How it could have been prevented
Trademark Registration Application
Mr. A should have applied for the trademark “XX” when he started using the trademark “XX”.
Had he done so, Mr. B’s application would have been rejected, since Trademark Law gives priority to whoever files first. Therefore, Mr. B would not have held the trademark right and would not have been able to sue Mr. A.
It is important to file trademark registration applications to keep a business operating smoothly and safely.
Case 4: A company obtains a trademark right. However…
Company A used the trademark “XX” whenever providing services.
In order to utilize “XX” and promote it as a brand, Company A applied for the trademark “XX” and succeeded in obtaining the trademark right.
6 months later, Company A attempted to use “XX” when providing a new service. However, it was discovered that there was one area lacking in the obtained trademark right.
Company A hurriedly filed a new application to cover this oversight, but the application was rejected. The rejection was issued because Company B had already obtained the trademark right to this overlooked portion one month earlier.
In the end, Company A could not use “XX” for its new service. Company A’s plan to promote “XX” as a brand used for all of their services ended in failure.
Points of note in Case 4
– Trademark Law gives priority to whoever files an application first. If company a had obtained the complete Trademark rights including the overlooked portion first, then company B would not have been able to obtain the right to this overlooked portion.

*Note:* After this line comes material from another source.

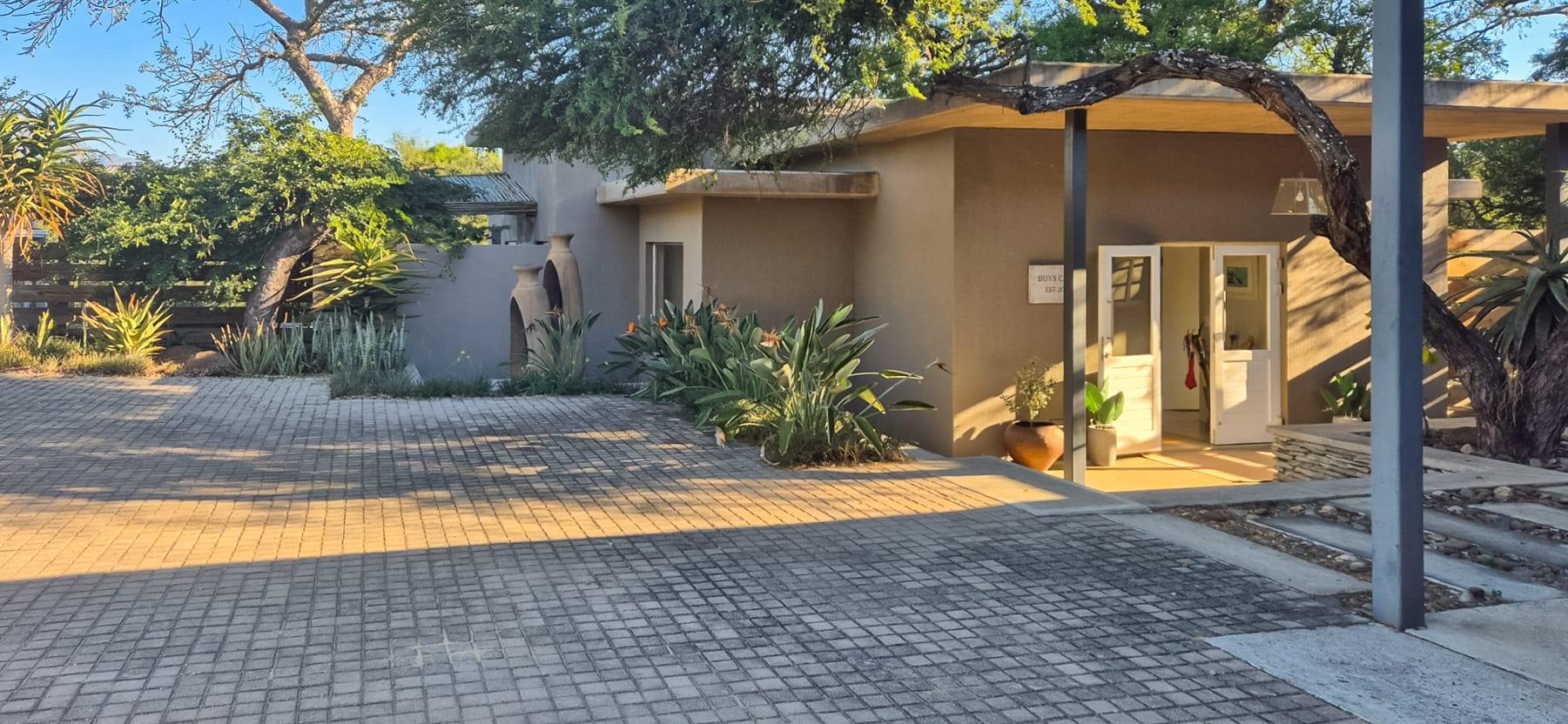 Grand Contemporary Luxury in Prestigious Sandown — photograph 3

How it could have been prevented
Consultation with an Attorney
Company A should have consulted or hired a professional attorney.
An oversight in the scope of a right can result in a loss of expected future profits or in being sued for trademark infringement.
An up-to-date and deep knowledge of the system is necessary to obtain the most complete trademark rights. We recommend consulting an attorney when filing applications for trademarks that will be used for products important to your company’s profits.